Haskell and Time

I’ve found myself getting confused over the Data.Time modules a few times now. Today I wanted to do something that I ought to be simple both to do (it was) and find out how to do (it wasn’t, at least not for me). I thought I’d write it down, because I’m bound to forget about it otherwise, and it might be helpful for some other poor soul out there.

I wanted to store a date in a database (SQLite) using Haskell (HDBC). Since I’m only interested in the date and not the time I chose to represent it in Haskell as a Date.Time.Calendar.Day. For Day 0 means 1858-11-17. HDBC on the other hand needs the date in seconds since epoch (1970-01-01 00:00 UTC), which conveniently can be represented with a single Integer. Time.Data.Clock.POSIX contains a few handy functions to convert between POSIXTime (NominalDiffTime) and UTCTime. However, there are no special functions for converting between an Integer and NominalDiffTime. The way I found was to do it via the class types that NominalDiffTime implements.

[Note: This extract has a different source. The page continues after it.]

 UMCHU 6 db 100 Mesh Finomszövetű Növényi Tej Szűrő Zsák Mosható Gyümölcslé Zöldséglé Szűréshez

First I thought that Enum might offer the solution, but my experiments with that was a bit confusing:

> pt <- getPOSIXTime
1221603766.526661s
> fromEnum pt
4118657661830593344
> toEnum 4118657661830593344 :: POSIXTime 
4118657.661830593344s

Not really the result I had hoped for. No, instead the function to use to get the Integer is floor, and the only way I found to convert a NominalDiffTime from an Integer is to go via a Ratio:

> fromRational (1221603766 % 1) :: POSIXTime
1221603766s

Have I missed something or is this the best way to achieve this?

3 Comments

  1. Micha? Bartoszkiewicz:

    You can use fromInteger from the Num class:

    > fromInteger 42 :: POSIXTime
    42s
    
  2. Andy:

    fromIntegral 1221603766 :: POSIXTime seems to work too, though it isn’t much shorter.

  3. Magnus:

    @Micha & Andy: thanks for pointing that out.